Enquanto o apostolo Paulo discorre aqui sobre os dons espirituais, continua destacando a soberania de Deus, quando afirma que a graça foi concedida a cada um de nós crentes, segundo a proporção do dom. foi Cristo que concedeu dons aos homens, pois Ele mesmo e não outro qualquer foi concedeu à Igreja todos os dons necessários à edificação de seus membros e desempenho do seu serviço.
- Deus apropria o dom de acordo com seus propósitos. (1Pd 4,10)

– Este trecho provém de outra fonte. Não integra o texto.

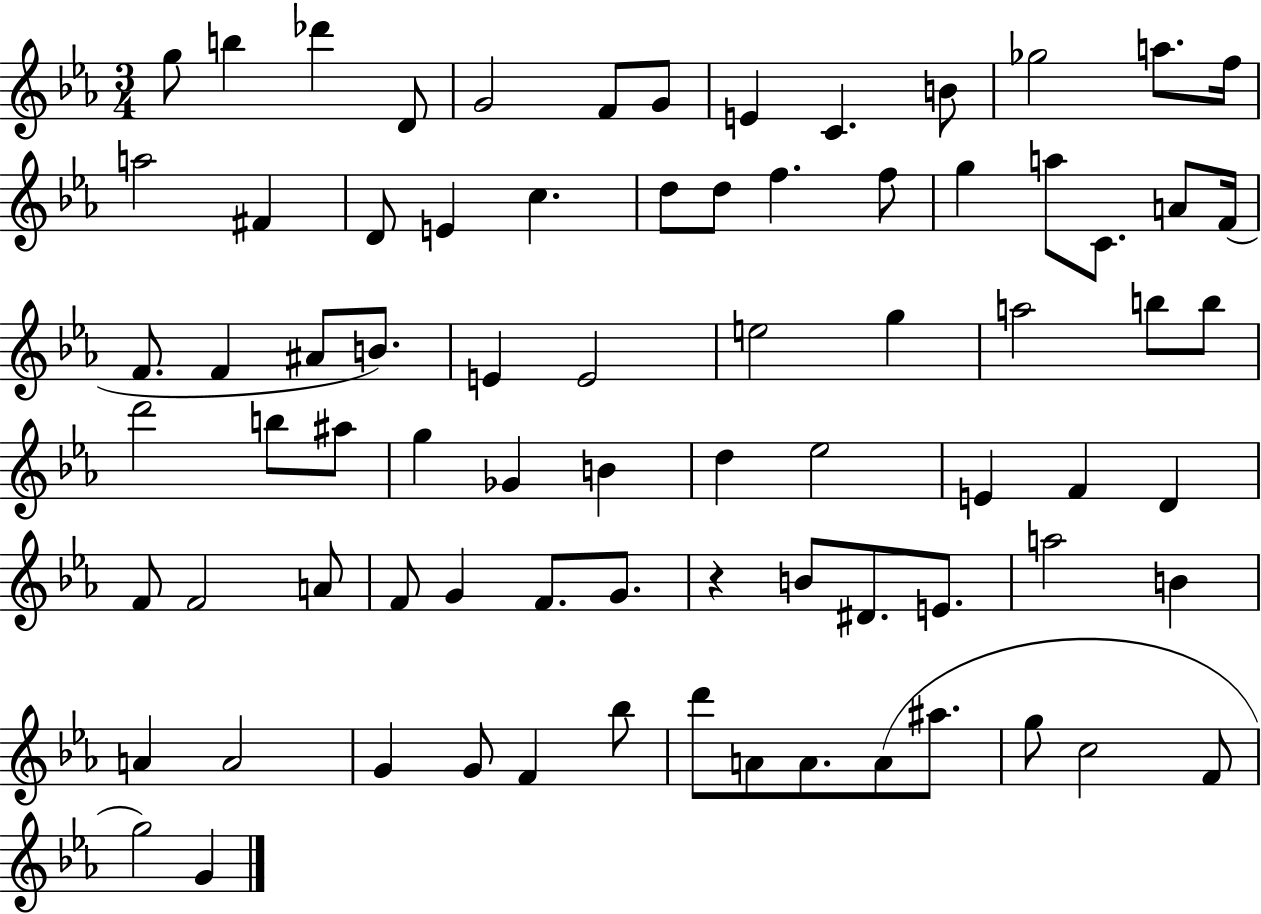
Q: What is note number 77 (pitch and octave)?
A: G4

Encontramos nos ensinos de Pedro indicações claras de que os dons espirituais acontecem somente debaixo da soberania de Deus. Ele ordena que devemos servir uns aos outros de conformidade com o dom que recebemos e que devemos fazer isto como bons despenseiros de Deus isto significa que ele pressupõe que os nossos dons espirituais, bem como as chaves da despensa de Deus nos foram concedidos pela sua vontade soberana. Com base no que foi dito aqui a respeito da soberania de Deus sobre os dons espirituais, fica claro que nenhum crente pode eleger este ou aquele dom para si e administrá-lo a seu modo, pois tanto a concessão como o jeito de se exercitar o dom são prerrogativas de Deus, ainda que tenhamos o mandamento de procurar com zelo os melhores dons – “Mas procurai com zelo os maiores dons. Ademais, eu vos mostrarei um caminho sobremodo excelente.” (1Cor 12,31).
CONCLUINDO
Gostaria de concluir este capitulo lembrando a cada um de nós que enquanto exercitamos os dons espirituais devemos levar em conta estes três princípios – da independência dos membros, do amor fraternal e da soberania de Deus – bem como os propósitos para os quais eles nos foram doados a saber: o serviço a Deus visando sua gloria (“os segredos do seu coração se tornam manifestos; e assim, prostrando-se sobre o seu rosto, adorará a Deus, declarando que Deus está verdadeiramente entre vós. (1Cor 14,25)) e aos homens visando a edificação dos irmãos e a salvação de pecadores (Mas, se todos profetizarem, e algum incrédulo ou indouto entrar, por todos é convencido, por todos é julgado. (1Cor 14,24)).
Qualquer uso dos dons do Espírito Santo sem levar em conta os princípios e propósitos é contrário à natureza deles. Por isso somos exortados aqui a fazermos as coisas do jeito de Deus, e assim tudo quanto fizermos será bem sucedido – “Pois será como a árvore plantada junto às correntes de águas, a qual dá o seu fruto na estação própria, e cuja folha não cai; e tudo quanto fizer prosperará.” (Sl 1,3).